Single‐crystal structure of compound [K(crypt‐222)]3[Sb(AuMe)4]⋅py (1). Top: asymmetric unit, indicating the accommodation of the anionic complex between three cations and one solvent molecule. Bottom: structure of the anion with space‐filling model superimposed. Selected interatomic distances [Å] and angles [°]: Sb–Au 2.5923(9)–2.6080(10), Au–C 2.097(11)–2.121(9); Au–Sb–Au 101.78(3)–115.84(3), Sb–Au–C 174.4(4)–179.1(3).

In the anion of 1, a central μ4‐Sb atom possesses an idealized tetrahedral environment by the linearly coordinated Au atoms of four {AuMe} complex fragments. However, the Au–Sb1–Au angles actually indicate a certain degree of distortion. Quantum chemical calculations (see below) rationalize that this is due soft vibrational modes, and thus a high flexibility of the molecule as a whole that adopts a shape that fits best to the cation environment.
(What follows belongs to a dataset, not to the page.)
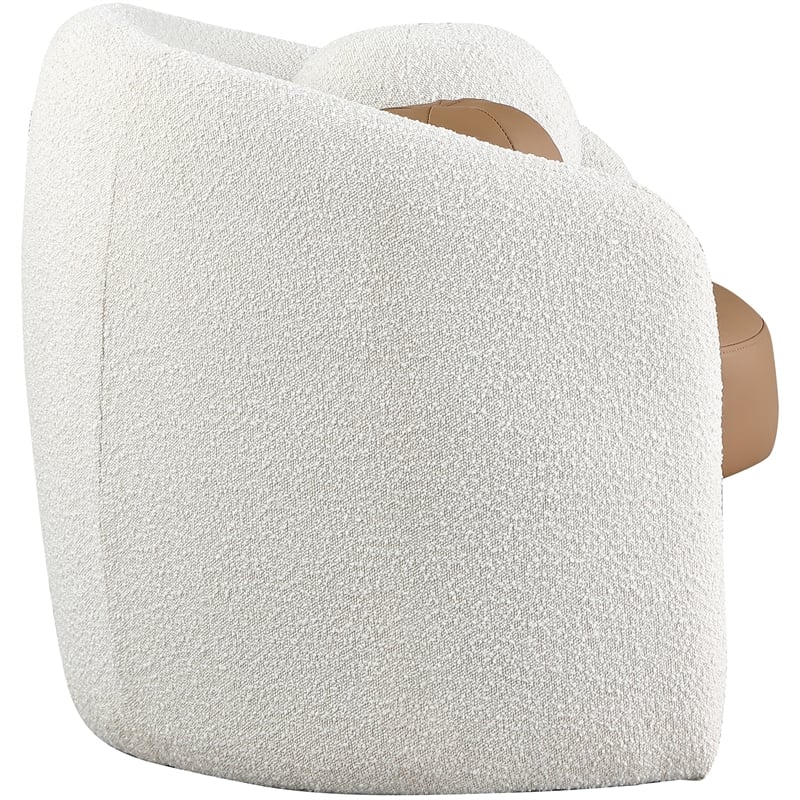 Meridian Furniture Acadia Cream Boucle / Cognac Vegan Leather Accent Chair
Indeed, only very few compounds have been described to date, in which a heavy (thus large) pnictogen atom acts as a μ4‐bridge to four free‐standing transition metal complex fragments that do not exhibit any further linkage of central and attached metal atoms, or among the attached metals atoms in cluster architectures. For Sb as the central atom, this was reported for two complexes only, [Sb{Fe(CO)4}4]3−  and [Sb{Co(CO)3PPh3}4]+, according to the CCDC data base (7/2021; see Figure 2), and besides one P‐centered and three N‐centered cations,[ , , ] this was not observed with Au complex fragments for any pnictogen atom so far. The rare observation of such complexes seemed to be due to rather labile bonding, which required kinetic stabilization by bulky complex fragments bearing four CO ligands or three CO and one PPh3 ligands, respectively. Beyond this background, the formation and crystallization of compound 1, with little steric shielding, is even more remarkable.

Figure 2

Molecular structures of the two literature‐known complexes of the type [Sb(ML )4] with free‐standing metal complex fragments {ML } μ4‐bridged by the Sb atom, [Sb{Fe(CO)4}4]3− (left) and [Sb{Co(CO)3PPh3}4]+ (right).
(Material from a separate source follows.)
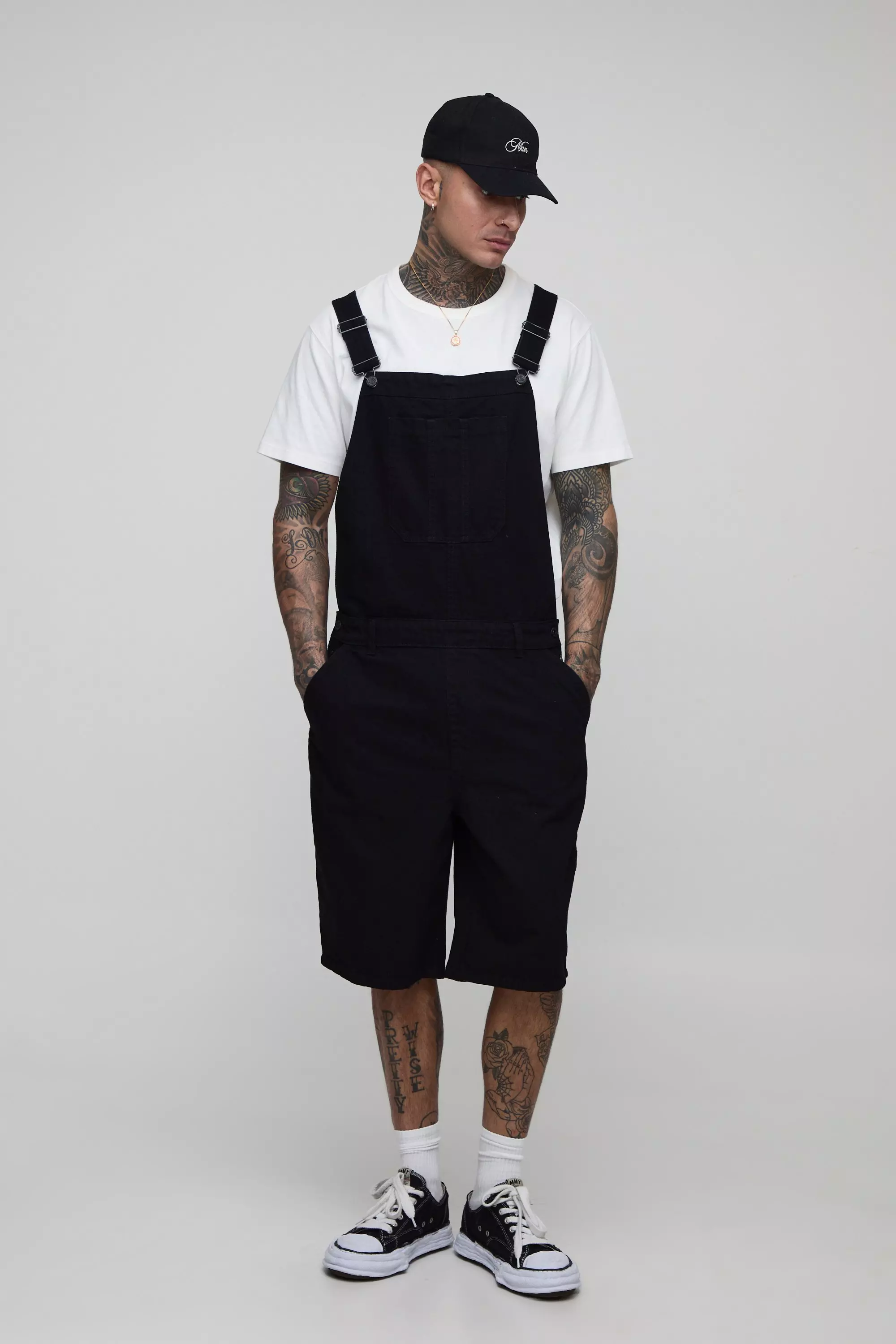 Tall Relaxed Fit Carpenter Short Dungaree Black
To analyze the bonding situation in the anion in 1, we carried out DFT calculations (functional TPSS, basis set dhf‐TZVP, together with corresponding effective core potentials; charge compensation with the conductor‐like screening model ) with the program system turbomole. The molecular structure was accurately reproduced, so we inspected the molecular orbitals (MOs) that were additionally localized into localized molecular orbitals (LMOs) by application of Boys’ method, and we calculated natural charges by means of natural population analyses (NPA). Results of these analyses are presented in Figure 3, along with selected LMOs. The MO diagram of 1, is shown in Figure 3 and discussed below. Further plots of canonical MOs and LMOs are provided in Figures S35 and S36, respectively, detailed lists of contributions of atomic to molecular orbitals for 1 and related compounds are listed in Tables S7–S10.

Figure 3

Top left: calculated structure of the [Sb(AuMe)4]3− anion (T d symmetry), with natural charges (left hand side) and optimized bond lengths (right hand side). Top center and right: localized molecular orbitals (LMOs) with highest energy expectation values, representing the Sb–Au and the Au–C bond. Bottom left: MO scheme of [Sb(AuMe)4]3− (T d symmetry); MOs being dominated by d(Au) are marked in red, those being located mainly at C and H are marked in light gray. Bottom right: molecular orbitals (MOs) representing the bonding between Sb and Au; only one column of the triply‐degenerate irreducible representations 13t2 and 9t2 are shown. Contours are plotted at ±0.03 a.u.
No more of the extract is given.